Au premier acte, mettre la fin de la scène de Jean et Blanchon au commencement de ladite scène.

Au troisième, faire qu’on ne sache pas que le gendre annoncé par Germinet est Cadet Blanchon.

Enfin, à la dernière tirade de Jean Robin, quand Gervaise refuse, faire qu’il aille jusqu’à un petit coup de couteau et une tache de sang au gilet, pour amener un cri de Gervaise et le pardon complet de tout le monde.

Ce n’est donc qu’un point lumineux à mettre.
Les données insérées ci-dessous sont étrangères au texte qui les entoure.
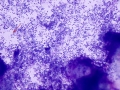 Otitis (dog)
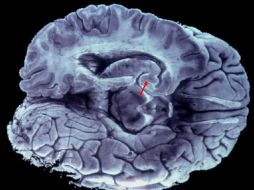 Durante mucho tiempo se creyó que sólo utilizábamos una décima parte de nuestro cerebro, siendo que utilizamos el cien. EFE ARCHIVO.  /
Il trouve la pièce admirablement faite et soutenue. Il dit que c’est un bijou, qu’il faut pour le public qu’elle soit admirablement jouée, et qu’elle ira à tout public quel qu’il soit, parce que c’est la vie de tout le monde et la vérité de toutes les situations dans toutes les classes. À peine la lecture finie, il a pris son chapeau et a couru dire à Thierry qu’il venait d’entendre un chef-d’œuvre et lui conseiller de venir me le demander, pour le faire jouer par l’élite de la troupe des Français :

Lafontaine — Jean.

Coquelin — Blanchon.

Régnier ou Got — Germinet, etc.

Si Thierry ne reçoit pas la chose de confiance et d’enthousiasme, il va au Gymnase. En ce moment, il y a un succès énorme, Héloïse Paranquet qui est censée de M. Durantin, mais qui est de lui, Alexandre.